Cisco's 4Q Profits Rise Despite Lower Sales

Net income was up 27% even though sales fell to $4.70 billion from $4.83 billion in the year-ago quarter.

Cisco Systems reported a 27% year-over-year gain in quarterly profit, but the networking equipment maker's slack sales and cautious forecasts offered little evidence of a recovery in the market.

For the fourth quarter of 2003, which ended July 26, the company Wednesday posted net income of $982 million, or 14 cents per share, up from $772 million, or 11 cents per share, in the same quarter last year. Sales were down slightly at $4.70 billion, from $4.83 billion a year ago. Year over year, product revenue was down slightly to $3.86 billion from $4 billion, and services revenue climbed to $840 million from $831 million.

Sales in Cisco's core business of routers and switches were mostly sluggish as the switching market remained challenging. "It's a function of the economy," says Charlie Giancarlo, senior VP and general manager of switching, voice, and carrier systems. Big-business buyers, such as those in investment banks, just aren't buying at the same volume, he says. "It's been the upper-end buyers who are more affected, the buyers who are most aggressive."

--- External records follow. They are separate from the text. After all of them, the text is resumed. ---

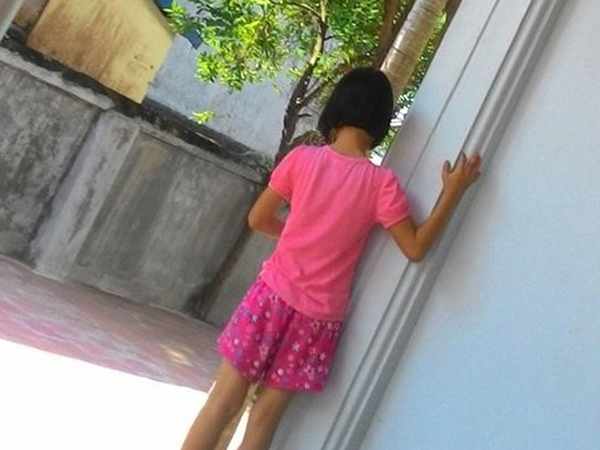 Đắk Nông: Quen nhau qua facebook, bé gái 12 tuổi bị thanh niên dụ dỗ quan hệ nhiều lần trên đồi vắng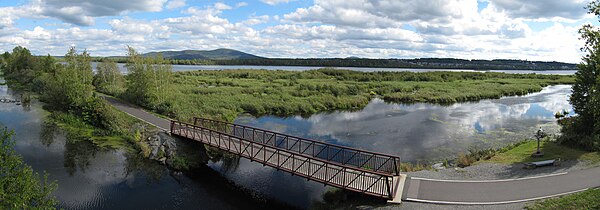 A panorama of lake Boivin and its bicycle track.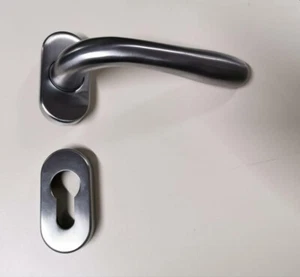 DOPPIA MANIGLIA R/OVALE YALE AMALFI CROMO/S - Foto 1 di 1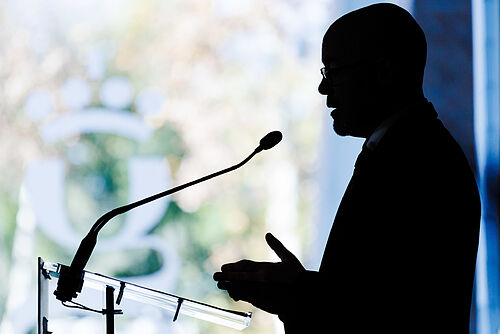 Galer�as Reales y socialistas para un tibio aquelarre antiayuso: el himno XXL, un ministro salpicado y la alargada sombra de Lobato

But Cisco showed strong growth in its advanced technology markets. While order volume in these sectors remains moderate, it's showing positive momentum, particularly in the company's IP telephony business. During the quarter, Cisco shipped its 2 millionth IP telephone; it took the company three years to ship the first million but just one year to ship the second million. Cisco says it has shipped more IP telephones than all its competitors combined.

IP telephony has been an area of "tremendous growth," Giancarlo says. "Customers have to periodically upgrade and or install new telephone systems. They're asking themselves, do they want to go with the last products of the old generation or the beginning of the next generation?" Even though many companies have put off those upgrade decisions, the telephony market is still such a large one that Cisco is benefiting from the few businesses that do make the decision to switch to voice over IP.

During the quarter, Cisco completed the acquisitions of SignalWorks Inc., a maker of software for IP telephony systems, which it bought for approximately $16 million, and the Linksys Group, a maker of networking products for homes and small businesses, purchased for approximately $480 million.

For the fiscal year, Cisco reported net income of $3.58 billion, or 50 cents per share, up from $1.89 billion, or 26 cents per share, in 2002. Sales were $18.88 billion, down slightly from $18.9 billion in 2002.

In a conference call, CEO John Chambers blamed the company's shrinking sales in large part on a continually weak economy and an expected recovery in the second half of the year that didn't materialize.

For the first quarter of 2004, Cisco expects revenue to increase slightly, around 2% to 4% sequentially over the fourth quarter. Chambers expressed doubt that the company could count on IT spending to perk up and reverse the company's retreating sales. "While things are starting to look better, it is still fragile and may not develop to a level we'd all like," he said.

Nonetheless, Chambers offered a cautiously optimistic forecast on the state of the economy. "For the first time in a very long time, I believe the external factors are beginning to turn positive," he said. "The recovery may be gaining momentum."